El Gobierno manifiesta en su programa que debe de detenerse, de momento, el crecimiento de esa parte de la economía de la nación, que tan rápida expansión ha tenido en los últimos años. Expansión que ha supuesto una serie de exigencias económicas que han tenido que ser detraídas del normal funcionamiento del sector privado.

Por ello, y a la vista de un déficit mayor de lo previsto, se ha puesto en marcha un programa de ahorro de 100.000 millones de pesetas en gastos del Estado, tanto de la Administración como de la Seguridad Social. Al mismo tiempo, se sanea, en buena medida, la situación financiera de los ayuntamientos y de las empresas públicas.

Dos caminos

El programa que contiene las líneas básicas de la política económica para el futuro próximo debería ser un instrumento de confianza y un móvil de exigencia para todos. Sin un trabajo muy serio, más riguroso de lo que acostumbramos, apenas tendremos para sobrevivir lánguidamente. Sin una clara conciencia de que nada se nos va a dar regalado, difícilmente podremos crecer lo suficiente para hacer un país más justo y más libre.

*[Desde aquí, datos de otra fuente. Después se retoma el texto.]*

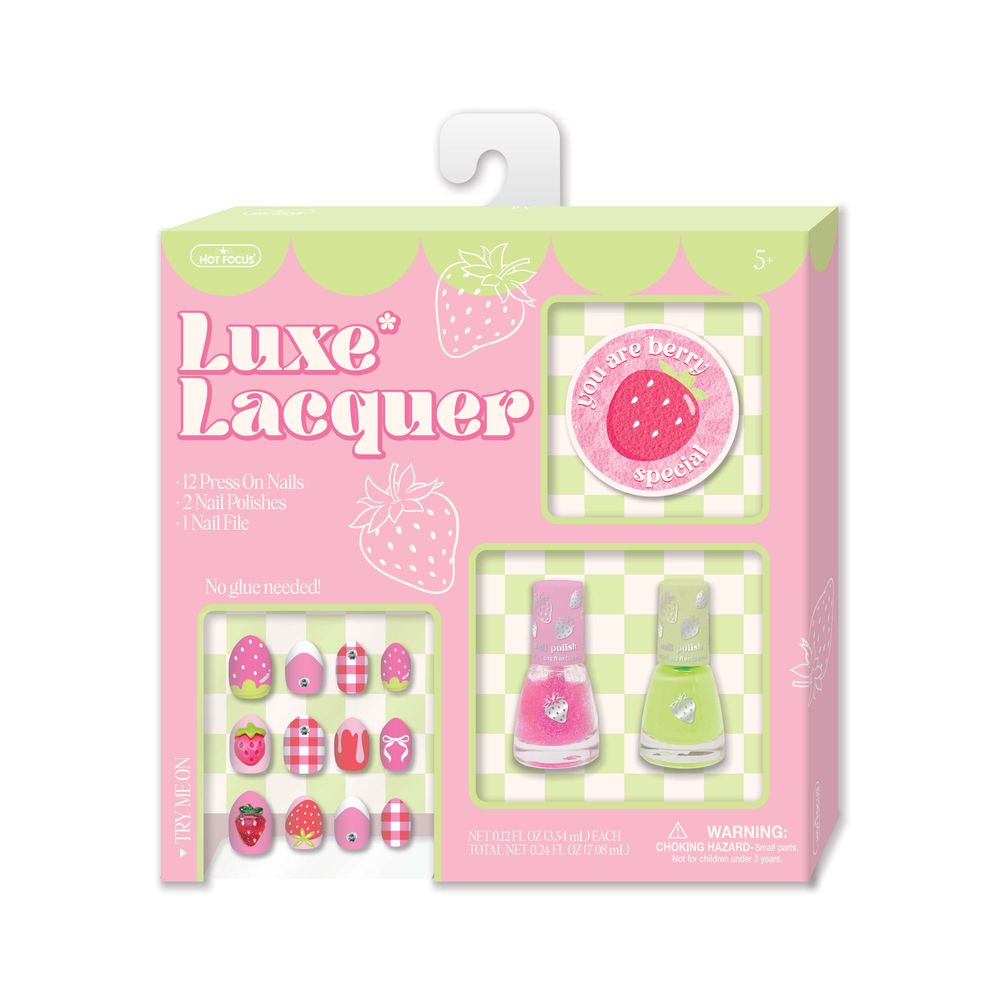 Hot Focus Luxe Lacquer Nail Art Kit - Wild Willy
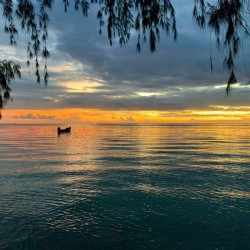 Calming Sunset Reflections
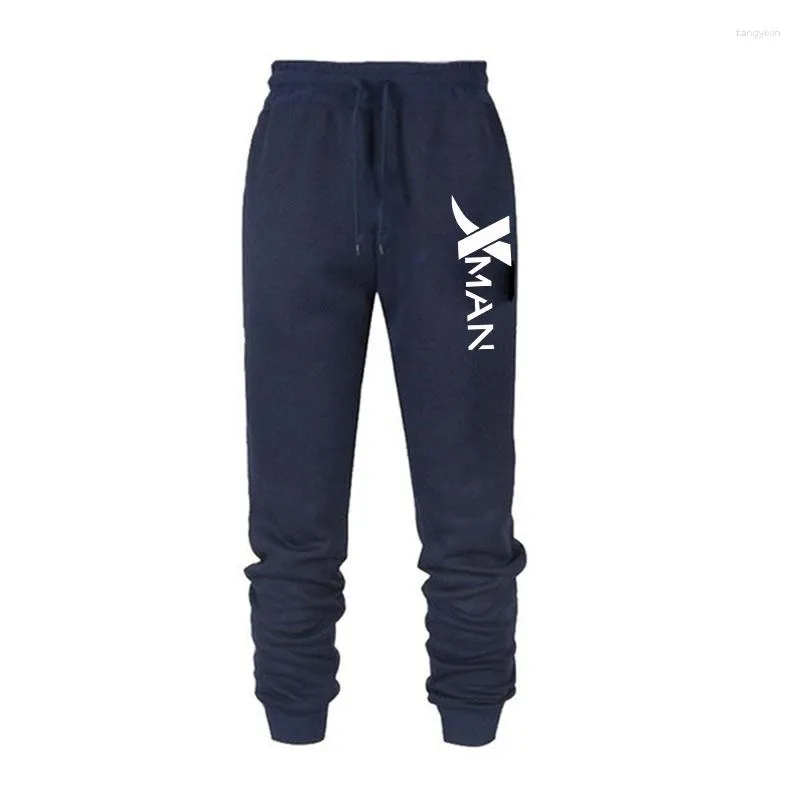 Men's Pants Fashion Men Sweatpants Autumn Winter Fleece Letter Printed Long Casual High Waist Gym Trousers Outdoor Joggers Sport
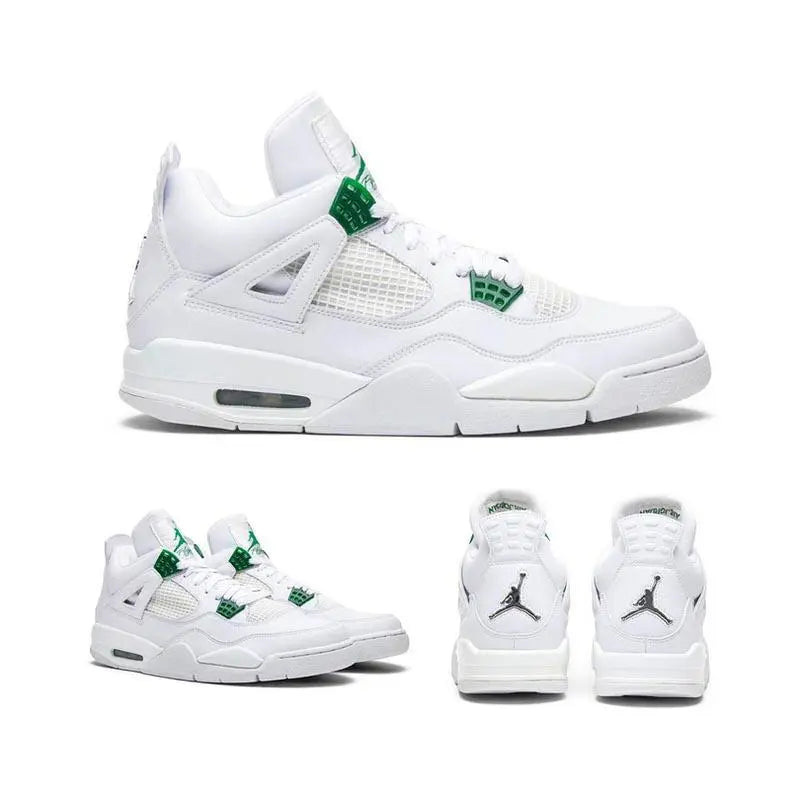 Jordan AJ4 Pine Green Retro Sneakers New With Tag & Box Metroutfits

No podemos malgastar nuestros escasos recursos; no podemos disipar nuestros esfuerzos. Es evidente, y el Gobierno lo sabe perfectamente, que hay empresas y sectores enteros que atraviesan por circunstancias muy difíciles. Y habrá que atender esa situación. Pero habrá que hacerlo con las ideas muy claras.

Con la idea clara de que la crisis que atravesamos tiene como consecuencias derivadas de un crecimiento menor, dos grandes problemas: mala situación e incluso desapariciones de empresas, y menor empleo.

Y con la idea, también clara, de que para resolver el futuro sólo hay dos caminos. Uno, potenciar aquellos sectores de mayor capacidad exportadora y mejorar la productividad. Otro, sostener artificialmente sectores sin porvenir o antieconómicos, y mantener ficticiamente el empleo, arruinando nuestra productividad.

El Gobierno opta, decididamente, por el primer camino, porque. sólo él nos garantiza superar la crisis creciendo, poco, pero positivamente. No es un camino fácil, ni cómodo. Pero el hacerlo está en nuestras manos, porque una situación difícil, como esta, es superable con trabajo, solidaridad y confianza en nuestras propias fuerzas.